En más de una ocasión reconocemos que cuando vamos a la escuela las matemáticas no son nuestra preferencia. Es más tarde, al preguntarnos por qué las cosas funcionan o no funcionan, al jugar con las ideas y con el razonamiento lógico, cuando descubrimos qué son las matemáticas.
Habla Tanton de los números como un vehículo para jugar con las ideas, un sendero que nos lleva a ser curiosos y hacernos preguntas. También nos muestra que “en la escuela las matemáticas son aprender algo, después aprender muy rápido y hacerlo de forma correcta con presión y sin errores”, algo que no considera justo, porque hacemos matemáticas sin saber por qué y es necesario saber la razon de nuestros actos.

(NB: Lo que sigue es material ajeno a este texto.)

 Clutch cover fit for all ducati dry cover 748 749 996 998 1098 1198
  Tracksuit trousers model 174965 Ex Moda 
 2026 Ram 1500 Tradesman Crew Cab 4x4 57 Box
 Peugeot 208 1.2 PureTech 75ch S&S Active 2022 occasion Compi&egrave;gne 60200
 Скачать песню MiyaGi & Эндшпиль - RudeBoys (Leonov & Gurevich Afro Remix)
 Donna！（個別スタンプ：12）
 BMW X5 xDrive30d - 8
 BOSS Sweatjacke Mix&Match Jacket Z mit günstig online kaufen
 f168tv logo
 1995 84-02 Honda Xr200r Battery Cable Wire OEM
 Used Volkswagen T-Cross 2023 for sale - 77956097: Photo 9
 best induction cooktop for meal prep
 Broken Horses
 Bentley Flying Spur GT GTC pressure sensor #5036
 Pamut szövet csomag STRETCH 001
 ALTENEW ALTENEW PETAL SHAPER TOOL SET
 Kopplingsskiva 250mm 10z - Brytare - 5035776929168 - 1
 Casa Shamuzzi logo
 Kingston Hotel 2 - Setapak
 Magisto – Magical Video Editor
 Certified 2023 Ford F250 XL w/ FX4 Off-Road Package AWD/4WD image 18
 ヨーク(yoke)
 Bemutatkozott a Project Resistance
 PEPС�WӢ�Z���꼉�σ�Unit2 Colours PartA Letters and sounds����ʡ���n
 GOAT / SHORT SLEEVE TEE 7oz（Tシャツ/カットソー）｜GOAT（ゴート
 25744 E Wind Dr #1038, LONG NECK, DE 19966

La experiencia docente nos habla de la importancia de aprender cómo pensar, cómo ser autónomos y adquirir confianza en uno mismo. En una sociedad en la que la tecnología ocupa tantos espacios y momentos, convenimos que la tarea del profesorado tiene más que ver con la enseñanza del pensamiento que con, por ejemplo, encontrar respuestas aritméticas. Entender por qué funcionan las cosas y devolver la parte humana al hecho matemático.